Earlier studies estimated waste to be between 30% and 35% of all spending, but Shrank and his team deliberately tried to be conservative.
Around the midpoint of the authors' estimate, notes Donald M. Berwick, former administrator of the Medicare and Medicaid Service Centers, in a follow-up editorial, the waste would represent "more than the entire federal defense budget of 2019 and all Medicare and Medicaid combined."
Even if only a fifth of the waste could be eradicated, Berwick adds, it would yield more than $ 150 billion a year, or "nearly three times the US Department of Education budget."
As Shrank and his colleagues note, the remedies for some useless practices are well understood and some are being implemented.
Under pressure from Medicare and other government agencies, for example, hospitals are taking stronger steps to reduce infections and doctors are offering programs to prevent diabetes and other chronic conditions. "Responsible care organizations" that get paid to oversee their patients' health rather than charge for the service are gaining ground (if slowly). Suppliers are trying to reduce overuse of expensive diagnostic equipment and prescribe generics whenever possible. In Washington, lawmakers are talking at least about ways the government can force drug prices to go down.
However, the system remains stubbornly resistant to adopting these remedies more broadly. “In an age of health, when no dimension of performance is more costly than high cost,” Berwick asks, “up to $ 800 billion in waste (roughly a few hundred billion) is untapped as a reservoir for relief. Why?"

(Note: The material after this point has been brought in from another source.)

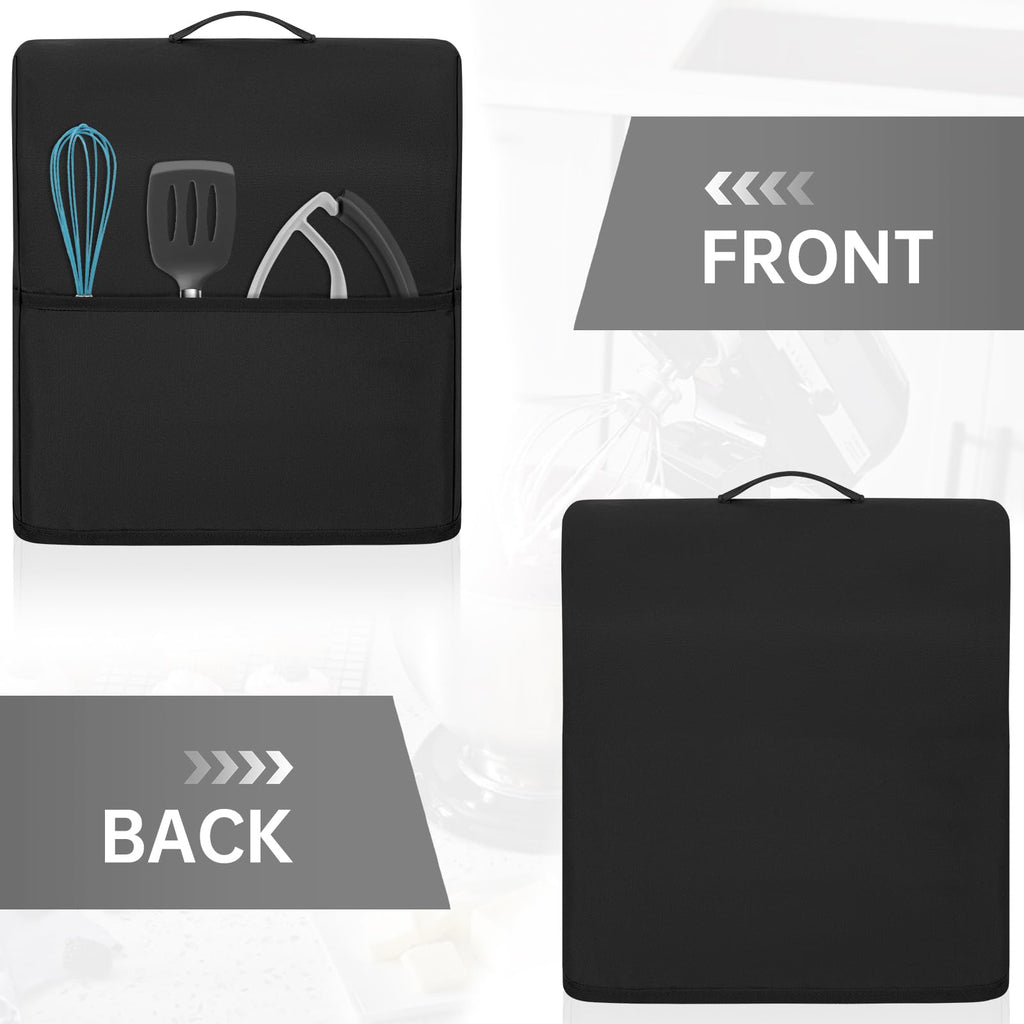 Stand Mixer Dust Cover Compatible with 3 Pockets and Handle with Kitchenaid Fits for 4.5/5 Quart Water-resistant Kitchen Aid Mixer Cover Black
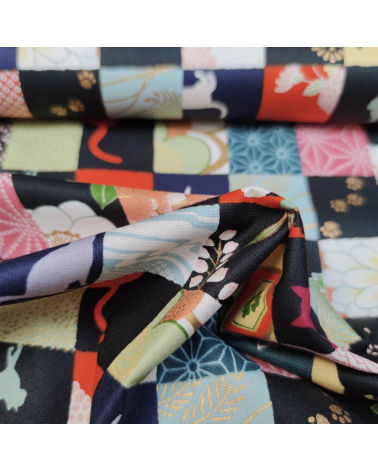 Japanese fabric. Cats Patchwork in bright colours.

Among the responses offered by Karen E. Joynt Maddox of the University of Washington in St. Louis and Mark McClellan of Duke in another follow-up editorial it is partly administrative complexity. Some of the solutions to the other five waste sources are complex.

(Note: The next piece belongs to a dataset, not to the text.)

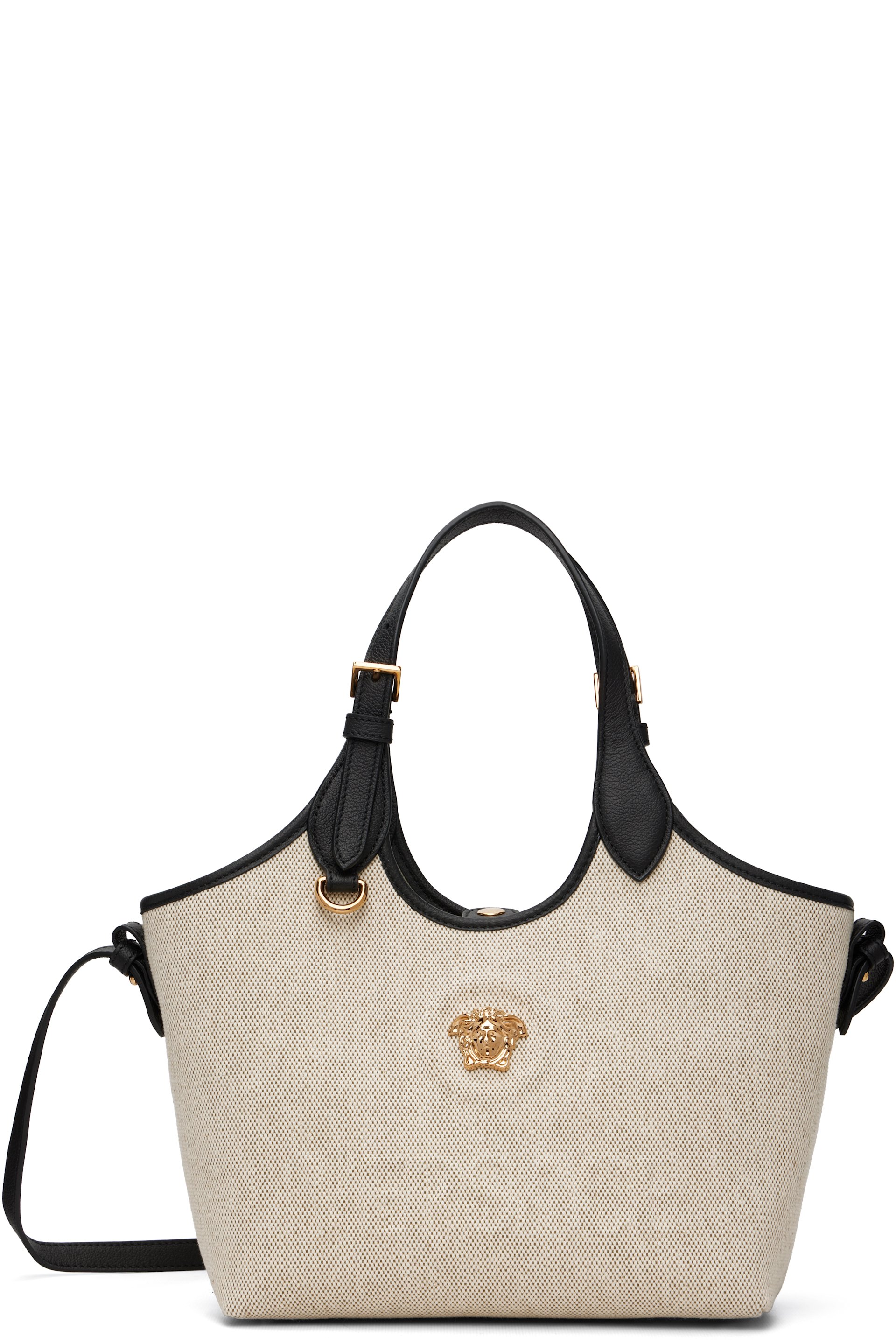 Versace - Mini cabas beige en canevas à logo La Medusa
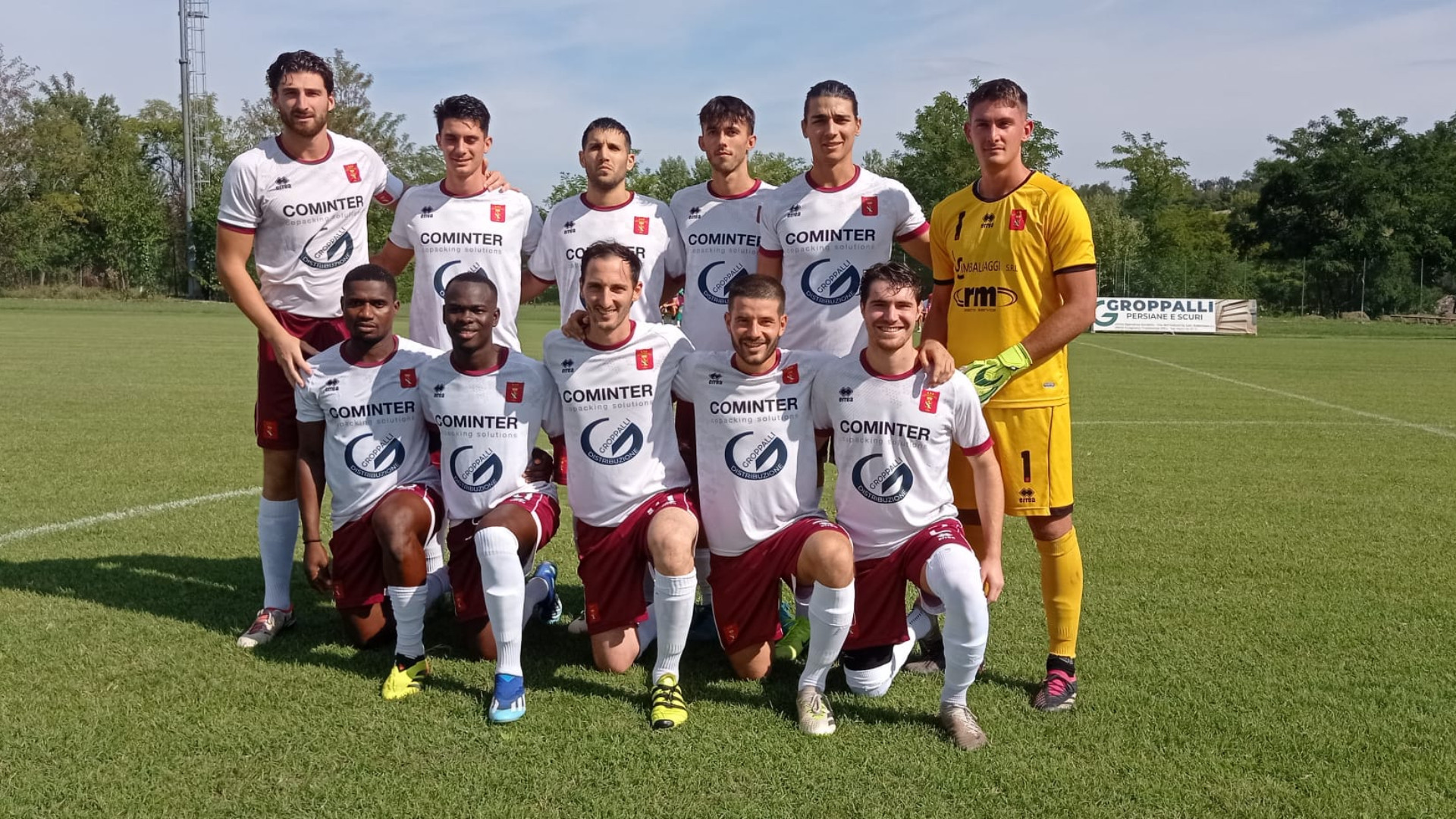 La formazione iniziale dell'Agazzanese, che ha superato 3-0 il Fiorenzuola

In addition, there are incentives built into our profit-oriented medical system to spend more for higher profits. Many of the new payment models designed to move US medicine away from the fee-for-service model, which encourages overuse, "are still dominated by financial incentives that favor hospitalization and more utilization," write Maddox and McClellan.
As Berwick notes, some of the options Shrank and his colleagues identify "would reduce the profitability of the healthcare organizations that use them." The truth, he writes, is that "what Shrank and colleagues … call 'waste', others call it 'income'."

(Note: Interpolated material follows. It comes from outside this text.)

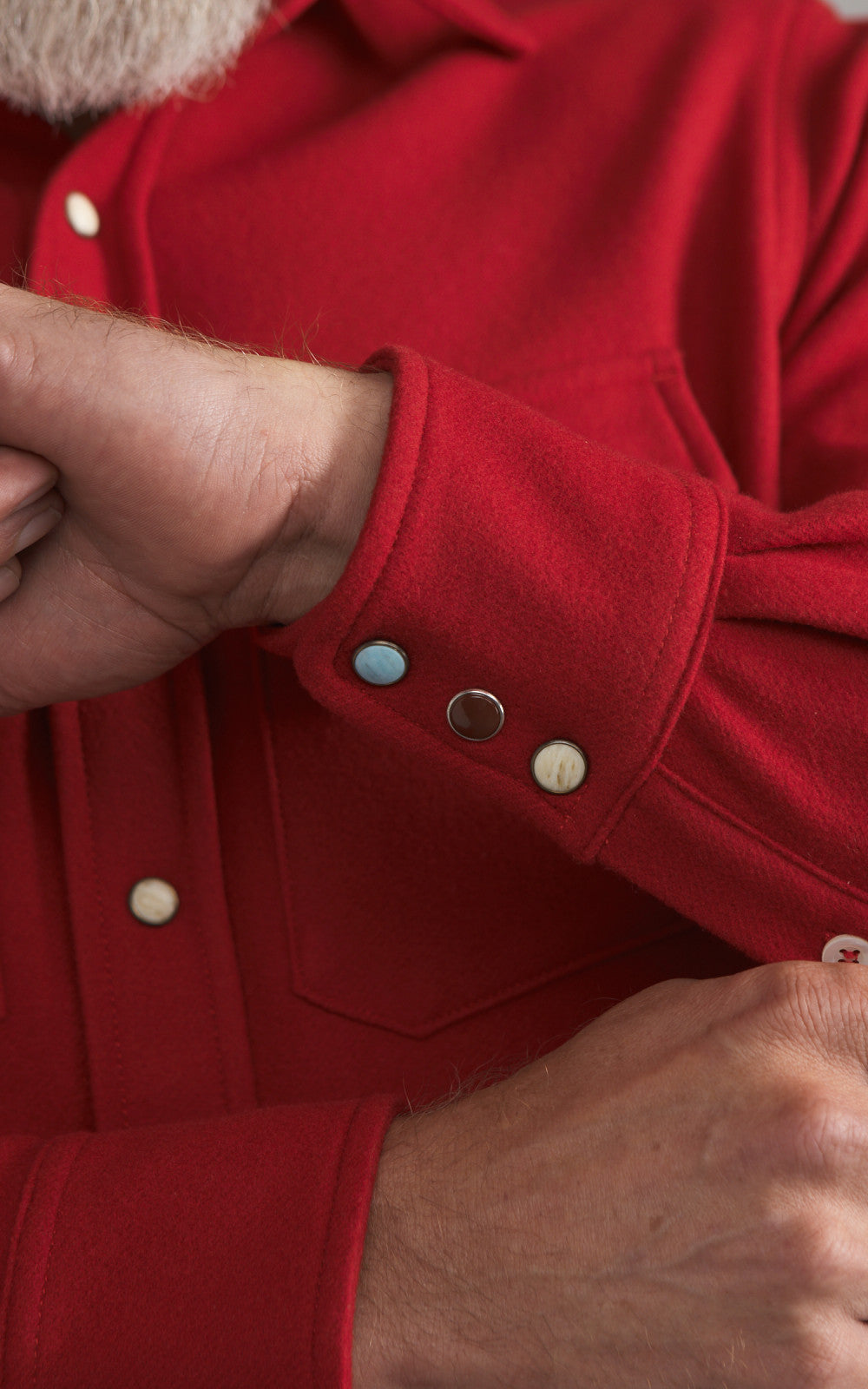 Fortela Pasadena Shirt Western Wool Flannel Red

These income generators include "very powerful corporations and guilds in a nation that tolerates strong influences in big donor elections … When big money in the status quo makes the rules, removing waste means a loss of elections."
The result is a bipartisan pact to avoid trying to extract significant amounts of health waste, "even if schools, small businesses … and communities as a whole can make much, much better use of that money."
Berwick concludes that, unfortunately, this is nothing new. Making the US health system more efficient is not a technical but a political problem. "Removing waste from US healthcare will require awakening a sleepy status quo and shifting power to eliminate it from the clutches of greed."